Обругав эдаким макаром всех местных поэтов, Варсонофий перешел на другие личности, не составлявшие ему творческой конкуренции, а потому оказавшиеся весьма милыми и славными братьями.
– Тимофей Гусятинский, невероятно силен в арифметике. Спроси его, кой день недели будет… ну пусть июниуса девятнадцатый день две тысячи, скажем, шестого лета? – Варсонофий нарочно назвал дату не от сотворения мира, а от Рождества Христова – в их глядящем на Запад монастыре староизящное летосчисление считалось неуклюжей принадлежностью простецов и стариков. – Сейчас ответит!
– Нет? – не поверила Феодосия.
– Сей миг вопросим… Тимка! Гусятинский!
– Чего? – нехотя ответствовал Тимофей.
– Будь другом, сочти для Феодосия, ему зело важно знать, на кой день выпадет июниуса девятнадцатый день две тысячи шестого лета?
– Надоели вы мне! – промолвил Тимофей, но немедленно собрал рожу к носу, вперил взгляд в некую одному ему видимую бездну, а после вновь распустил лицо и хмуро доложил: – Понедельник!

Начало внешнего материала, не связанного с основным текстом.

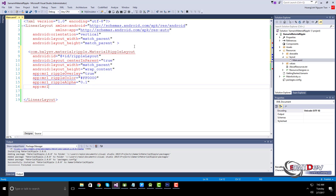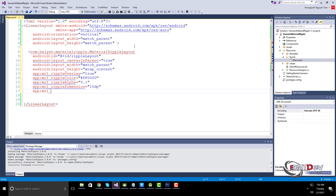You can configure the radius of the hover and starting ripple. If true, a hover effect is drawn when the view is touched.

Все вопросы?
– Благодарствуй, Тима! – поклонился главою Варсонофий.
– Ага, понедельник, – громко сказал со своей лавки Вениамин Травников. – Пойди проверь его, считаря!
– В понедельник я банечку топила, – подхватились тихонько напевать Венькины сотоварищи, – во вторник во банечку ходила, в среду в угаре пролежала, в четверг буйну голову чесала…
Феодосию, давнюю поклонницу арифметики, охватила обида за Тимофея. И какой бес ее за язык потянул?! Ей-богу, не Феодосия сие натворила, а какой-то похабник!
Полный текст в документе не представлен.